### WHAT THE TASK ASKS
In the listing below, find every line containing "from" and copy it out.

===

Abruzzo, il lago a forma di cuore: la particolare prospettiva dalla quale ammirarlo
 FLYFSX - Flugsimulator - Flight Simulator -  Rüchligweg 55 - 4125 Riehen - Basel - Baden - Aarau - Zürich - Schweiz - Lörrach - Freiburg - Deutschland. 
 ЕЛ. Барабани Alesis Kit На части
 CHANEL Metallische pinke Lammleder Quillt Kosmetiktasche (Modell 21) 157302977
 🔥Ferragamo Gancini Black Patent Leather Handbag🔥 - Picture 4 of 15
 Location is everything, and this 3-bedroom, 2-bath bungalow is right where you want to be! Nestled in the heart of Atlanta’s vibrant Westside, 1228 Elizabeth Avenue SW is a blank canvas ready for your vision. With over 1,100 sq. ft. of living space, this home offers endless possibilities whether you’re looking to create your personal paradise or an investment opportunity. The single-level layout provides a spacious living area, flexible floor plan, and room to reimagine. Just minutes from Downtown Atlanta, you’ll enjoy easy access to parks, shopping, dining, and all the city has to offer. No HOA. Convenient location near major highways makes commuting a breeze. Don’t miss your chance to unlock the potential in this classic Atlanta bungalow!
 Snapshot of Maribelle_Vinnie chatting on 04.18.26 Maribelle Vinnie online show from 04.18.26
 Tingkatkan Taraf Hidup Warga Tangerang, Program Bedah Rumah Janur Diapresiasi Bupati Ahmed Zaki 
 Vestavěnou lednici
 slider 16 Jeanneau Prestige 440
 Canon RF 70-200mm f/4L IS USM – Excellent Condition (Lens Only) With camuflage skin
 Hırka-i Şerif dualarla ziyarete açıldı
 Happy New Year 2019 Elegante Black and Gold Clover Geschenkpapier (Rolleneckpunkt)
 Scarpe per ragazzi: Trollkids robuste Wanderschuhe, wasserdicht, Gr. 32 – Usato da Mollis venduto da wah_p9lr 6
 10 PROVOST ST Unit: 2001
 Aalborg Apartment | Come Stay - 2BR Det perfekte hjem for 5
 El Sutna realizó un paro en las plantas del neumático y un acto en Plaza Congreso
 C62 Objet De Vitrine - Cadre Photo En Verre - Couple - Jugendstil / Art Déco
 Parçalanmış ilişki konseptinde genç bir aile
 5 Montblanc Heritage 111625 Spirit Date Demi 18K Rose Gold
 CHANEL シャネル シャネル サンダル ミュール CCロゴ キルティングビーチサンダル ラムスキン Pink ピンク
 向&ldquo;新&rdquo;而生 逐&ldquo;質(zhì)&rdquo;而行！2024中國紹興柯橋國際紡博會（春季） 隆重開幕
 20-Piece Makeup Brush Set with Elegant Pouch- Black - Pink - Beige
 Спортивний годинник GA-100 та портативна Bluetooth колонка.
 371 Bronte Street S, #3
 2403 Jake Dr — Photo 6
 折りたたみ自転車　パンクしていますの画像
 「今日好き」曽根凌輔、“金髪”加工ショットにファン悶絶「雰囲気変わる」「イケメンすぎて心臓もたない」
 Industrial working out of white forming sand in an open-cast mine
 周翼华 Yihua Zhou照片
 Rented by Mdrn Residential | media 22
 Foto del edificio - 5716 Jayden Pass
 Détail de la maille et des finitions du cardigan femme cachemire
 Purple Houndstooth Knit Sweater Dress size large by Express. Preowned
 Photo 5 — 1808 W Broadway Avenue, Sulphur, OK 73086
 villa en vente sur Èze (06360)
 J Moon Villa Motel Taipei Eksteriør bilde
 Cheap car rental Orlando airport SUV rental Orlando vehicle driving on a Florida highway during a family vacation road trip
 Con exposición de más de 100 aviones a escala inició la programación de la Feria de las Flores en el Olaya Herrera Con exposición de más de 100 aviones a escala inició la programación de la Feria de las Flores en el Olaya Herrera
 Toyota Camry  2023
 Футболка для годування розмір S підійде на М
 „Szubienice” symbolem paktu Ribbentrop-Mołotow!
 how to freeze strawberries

===

### OUTPUT OF THE TASK
 Location is everything, and this 3-bedroom, 2-bath bungalow is right where you want to be! Nestled in the heart of Atlanta’s vibrant Westside, 1228 Elizabeth Avenue SW is a blank canvas ready for your vision. With over 1,100 sq. ft. of living space, this home offers endless possibilities whether you’re looking to create your personal paradise or an investment opportunity. The single-level layout provides a spacious living area, flexible floor plan, and room to reimagine. Just minutes from Downtown Atlanta, you’ll enjoy easy access to parks, shopping, dining, and all the city has to offer. No HOA. Convenient location near major highways makes commuting a breeze. Don’t miss your chance to unlock the potential in this classic Atlanta bungalow!
 Snapshot of Maribelle_Vinnie chatting on 04.18.26 Maribelle Vinnie online show from 04.18.26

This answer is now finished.